O DIA EM QUE A MORTE LHE ACENOU
Jorge Gomes da Silva
 
 

Acabo de passar uns minutos a ouvir uma daquelas histórias de vida que nos deixam sem saber por onde pegar.
Um dos meus clientes fazia parte do grupo de felizardos que sobreviveram a um voo de quase meia hora num avião sem combustível. Algo que nem nos simuladores é fácil de conseguir. Um milagre, afinal, protagonizado por um piloto com asas, um anjo como o vêem cada uma daquelas pessoas aterrorizadas pela morte quase certa que o próprio lhes anunciou.

Vinte e cinco minutos de aflição a bordo de uma aeronave condenada.
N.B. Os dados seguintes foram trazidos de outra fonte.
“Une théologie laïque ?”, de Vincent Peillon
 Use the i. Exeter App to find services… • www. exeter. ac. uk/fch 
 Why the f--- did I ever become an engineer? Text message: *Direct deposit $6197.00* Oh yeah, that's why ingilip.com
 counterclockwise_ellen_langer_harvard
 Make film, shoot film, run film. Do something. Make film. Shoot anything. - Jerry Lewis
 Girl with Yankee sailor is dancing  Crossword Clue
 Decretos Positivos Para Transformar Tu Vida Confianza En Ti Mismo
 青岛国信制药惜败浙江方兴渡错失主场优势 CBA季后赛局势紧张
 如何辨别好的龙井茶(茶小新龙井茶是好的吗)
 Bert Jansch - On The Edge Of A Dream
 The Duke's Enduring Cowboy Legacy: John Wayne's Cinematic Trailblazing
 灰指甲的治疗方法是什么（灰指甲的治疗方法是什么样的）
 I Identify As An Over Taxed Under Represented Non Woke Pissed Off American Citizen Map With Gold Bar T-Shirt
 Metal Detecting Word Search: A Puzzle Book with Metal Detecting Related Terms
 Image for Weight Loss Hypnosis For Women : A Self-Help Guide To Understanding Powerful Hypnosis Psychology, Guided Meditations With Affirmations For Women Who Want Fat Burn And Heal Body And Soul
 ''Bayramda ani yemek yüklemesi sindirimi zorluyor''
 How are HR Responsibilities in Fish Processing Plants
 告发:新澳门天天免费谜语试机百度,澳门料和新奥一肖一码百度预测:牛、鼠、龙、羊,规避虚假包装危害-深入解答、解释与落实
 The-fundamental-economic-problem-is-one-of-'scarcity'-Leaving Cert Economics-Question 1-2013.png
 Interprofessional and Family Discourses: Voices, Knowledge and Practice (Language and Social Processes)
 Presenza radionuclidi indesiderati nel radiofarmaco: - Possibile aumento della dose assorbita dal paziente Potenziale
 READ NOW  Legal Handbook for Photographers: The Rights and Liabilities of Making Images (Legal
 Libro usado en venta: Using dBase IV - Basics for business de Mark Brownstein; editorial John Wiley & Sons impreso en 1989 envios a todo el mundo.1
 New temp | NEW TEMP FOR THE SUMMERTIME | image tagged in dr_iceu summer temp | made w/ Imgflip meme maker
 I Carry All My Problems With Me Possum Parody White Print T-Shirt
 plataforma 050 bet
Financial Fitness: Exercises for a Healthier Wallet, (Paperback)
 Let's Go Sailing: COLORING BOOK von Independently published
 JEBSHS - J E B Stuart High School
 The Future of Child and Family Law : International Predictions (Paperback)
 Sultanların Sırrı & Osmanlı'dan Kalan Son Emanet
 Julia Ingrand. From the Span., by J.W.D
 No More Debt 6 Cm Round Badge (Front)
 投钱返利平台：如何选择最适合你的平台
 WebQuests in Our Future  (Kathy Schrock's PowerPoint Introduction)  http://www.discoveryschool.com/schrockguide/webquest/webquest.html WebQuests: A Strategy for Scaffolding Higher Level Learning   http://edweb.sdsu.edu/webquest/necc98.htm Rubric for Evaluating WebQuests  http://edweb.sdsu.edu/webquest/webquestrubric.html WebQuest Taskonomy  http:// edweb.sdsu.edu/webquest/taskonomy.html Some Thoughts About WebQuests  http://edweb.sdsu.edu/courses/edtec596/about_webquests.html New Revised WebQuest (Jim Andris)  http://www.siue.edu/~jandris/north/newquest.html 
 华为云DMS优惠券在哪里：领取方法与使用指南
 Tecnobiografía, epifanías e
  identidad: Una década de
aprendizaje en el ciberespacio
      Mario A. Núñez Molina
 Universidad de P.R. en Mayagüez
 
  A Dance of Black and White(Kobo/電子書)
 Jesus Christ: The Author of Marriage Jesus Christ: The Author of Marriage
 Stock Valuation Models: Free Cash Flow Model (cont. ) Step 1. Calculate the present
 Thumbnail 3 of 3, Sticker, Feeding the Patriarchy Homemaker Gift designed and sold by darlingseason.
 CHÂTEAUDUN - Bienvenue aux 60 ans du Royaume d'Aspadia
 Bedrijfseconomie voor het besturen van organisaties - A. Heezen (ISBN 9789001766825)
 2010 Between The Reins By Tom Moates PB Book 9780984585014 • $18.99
Mães com crianças de colo, casais, tripulação, pessoas que se viram forçadas a encarar a morte e a aguardá-la no céu enquanto um homem desconhecido as conduzia ao seu destino presumidamente fatal.
De lágrimas nos olhos, o meu cliente contou-me como a sua mulher gritava sem cessar o nome do filho de ambos. Mal a ouvia no meio do som de muitos gritos, orações, corações acelerados à espera da batida final.

Só um sobredotado conseguiria fazer aterrar o monstro de metal que planava sem motores. Todos a bordo o sabiam e a esperança era escassa, sobretudo quando o comandante informou que ia tentar uma aterragem de emergência no mar e recomendou a todos que vestissem os coletes salva-vidas. As hipóteses de sobrevivência nessas condições são quase nulas, como a história já provou.

Mas o piloto mudou de ideias, preferiu esgotar a única tentativa em solo firme. À partida uma opção teoricamente pior. Ele acreditou que não e apontou o avião para terra, decidiu arriscar uma aterragem no sítio certo. E foi.
A aeronave flutuou no ar enquanto lá dentro, corpos dobrados, cabeças encostadas ao assento de alguém escolhido para morrer no mesmo instante, os passageiros despediam-se da vida e/ou das pessoas amadas junto de si.

O meu cliente, olhos esbugalhados enquanto me descrevia a cena, perdeu a fala e a audição, estado de choque, quando a quinhentos quilómetros por hora o avião embateu na pista perdendo de imediato os pneus que o trem de aterragem substituiu, rasgando o alcatrão até o enorme pássaro de ferro se imobilizar sem nenhuma vida perdida nessa hora de sorte sem paralelo.

Esse homem que sirvo no âmbito das minhas funções contou-me a sua história inesquecível na sequência de uma conversa acerca da avioneta que ontem pregou um susto terrível aos nova-iorquinos e arrastou para a morte duas pessoas cuja sorte se esgotou. Esse homem, uma pessoa normal, contou-me tudo isto a poucas horas de seguir para o aeroporto da Portela, para mais um voo de cinco horas rumo a um destino qualquer.